(HarperCollins 2006: in ‘1940s Omnibus’, originally published 1945)
Like Towards Zero, Sparkling Cyanide is one of Christie’s ‘stand-alone’ detective novels published during the war years but which does not refer to the war and seems to be set before it. Colonel Race, who features as a minor character in several of Christie’s other novels, such as Death on the Nile and Cards on the Table, appears in this, though in this he takes a more leading role in the investigation along with an Inspector Kemp.
As the book begins, Iris Marle is remembering her sister Rosemary Barton, who died by cyanide poisoning a year previously, and since this traumatic event, no-one who knew Rosemary has been entirely unchanged. Although the inquest brought in a verdict of suicide, George Barton, Rosemary’s husband, has had his own theories about her death, feeling sure that his wife’s lover or someone else at the party had something to do with it. He suspects Stephen Farraday, a rising young politician, or Stephen’s wife Alexandra, both of whom were at the dinner party at which Rosemary died, or Rosemary’s friend Anthony Browne, who is now paying attentions to Iris. In order to verify his suspicions, he organises a dinner party at the same hotel on the anniversary of Rosemary’s death, with the same guests, including his secretary Ruth Lessing.
“They had all come.
George breathed a sigh of relief. Up to the last moment he had feared some last minute defection – but they were all here. Stephen Farraday, tall and stiff, a little pompous in manner. Sandra Farraday in a severe black velvet gown wearing emeralds around her neck. The woman had breeding, not a doubt of it. Her manner was completely natural, possibly a little more gracious than usual. Ruth also in black with no ornament save one jewelled clip. Her raven black hair smooth and lying close to her head, her neck and arms very white – whiter than those of the other women. Ruth was a working girl, she had no long leisured ease in which to acquire sun tan. His eyes met hers and, as though she saw the anxiety in his, she smiled reassurance. His heart lifted. Loyal Ruth. Beside him Iris was unusually silent. She alone showed consciousness of this being an unusual party. She was pale but in some way it suited her, gave her a grave steadfast beauty. She wore a straight simple frock of leaf-green. Anthony Browne came last, and to George’s mind, he came with the quick stealthy step of a wild creature – a panther, perhaps, or a leopard. The fellow wasn’t really quite civilised.
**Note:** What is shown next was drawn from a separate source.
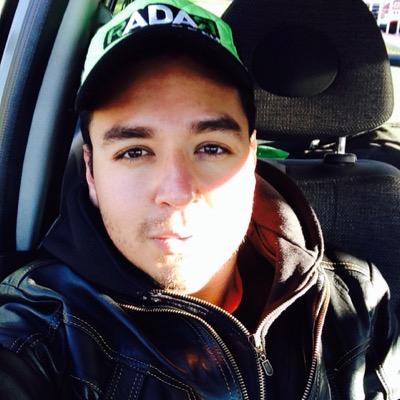 Profile Picture of Oswaldo Ramírez (@Oswaldo_Rmz) on Twitter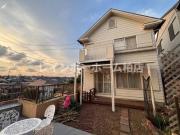 柏市加賀3丁目貸家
They were all there – all safe in George’s trap. Now, the play could begin…”
However, before he can spring his planned surprise, George himself dies of cyanide poisoning during the meal. Since Iris is suspected of having killed George, afraid that he knew that she had killed Rosemary for her money (to which Iris was heir), Anthony (who is in love with Iris) determines to investigate in order to clear her name, though at first he is presented to the reader as something of a shady character himself, and about whom even Iris knows very little. Has he been the source of industrial espionage? or is he something else entirely?
Christie shows us the viewpoints of many of the characters involved, including Iris, the Farradays, Anthony, and Race, amongst others, though she is careful to allow some degree of uncertainty in the dialogue and interactions between the characters, and some are entirely unreliable. The police also have to deal with the politically influential family of Lady Alexandra, the Kidderminsters, who don’t make their investigation entirely straightforward. The distance between Stephen and Sandra, for example, is well-developed and realistic, as well as his sudden realisation that he really does love her. The mystery is carefully plotted, and is realistically deduced; the method of the murder and its performance are very cleverly done, and are plausible.
However, the ending falls a little flat, since the murderer – although with a strong motive – fails to figure much in the narrative and thus the solution feels a little contrived. However, there’s a strong atmosphere in this book, and a nicely done air of distrust, and the characters are interesting – Iris, in particular, but also the absent Rosemary, who comes across very strongly via the memories of others, and with whom this reader ended up sympathising, though she had evidently been rather a stupid and selfish young woman.